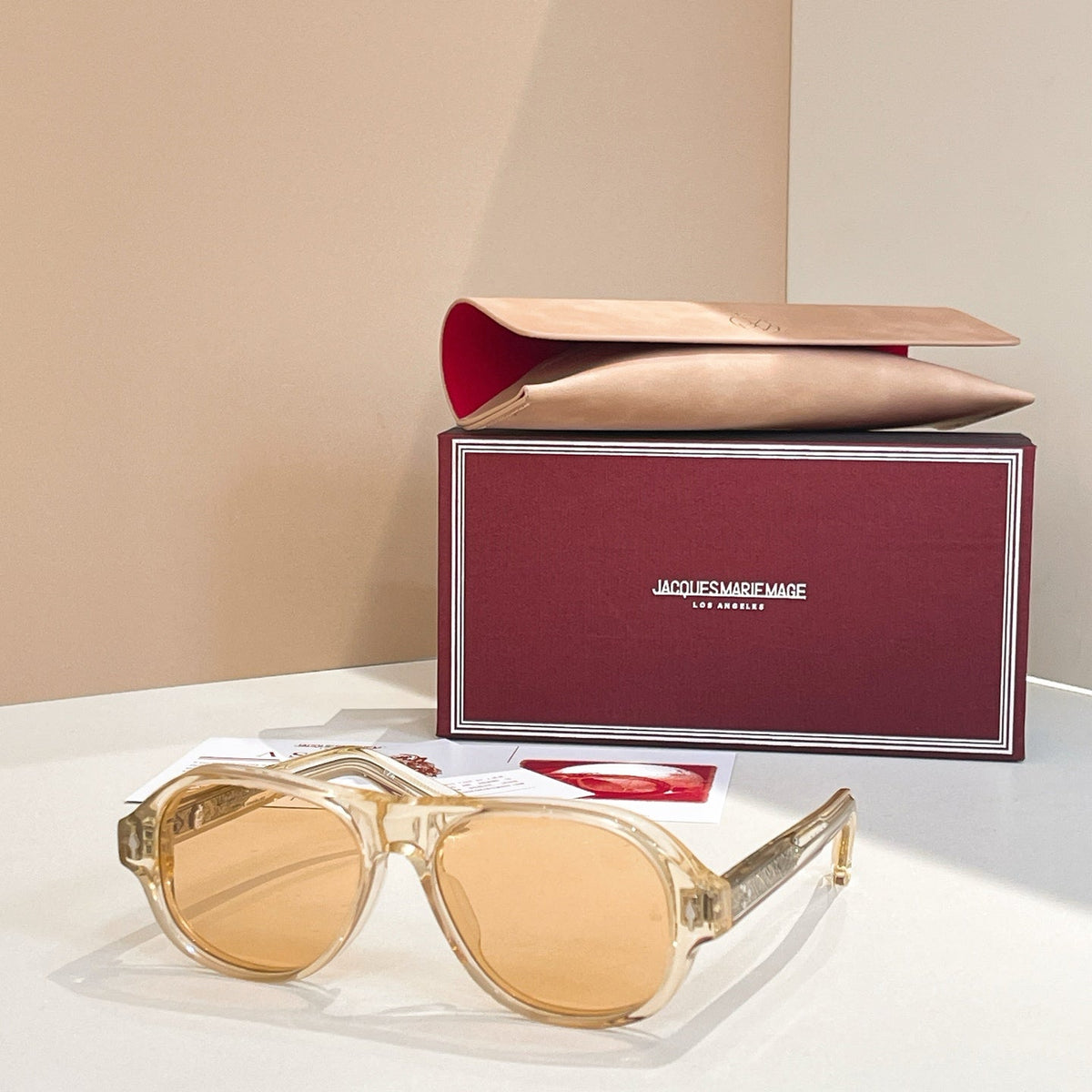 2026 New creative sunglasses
# # # #
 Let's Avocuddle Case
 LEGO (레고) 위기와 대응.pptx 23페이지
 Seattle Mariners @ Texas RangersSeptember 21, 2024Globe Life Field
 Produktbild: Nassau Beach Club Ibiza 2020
# # # #
▸ **Task description**
Print, without alteration, only the lines above between the one holding "LEGO (레고) 위기와 대응.pptx 23페이지" and the one holding "Produktbild: Nassau Beach Club Ibiza 2020", inclusive.

▸ **Response to this exercise**
 LEGO (레고) 위기와 대응.pptx 23페이지
 Seattle Mariners @ Texas RangersSeptember 21, 2024Globe Life Field
 Produktbild: Nassau Beach Club Ibiza 2020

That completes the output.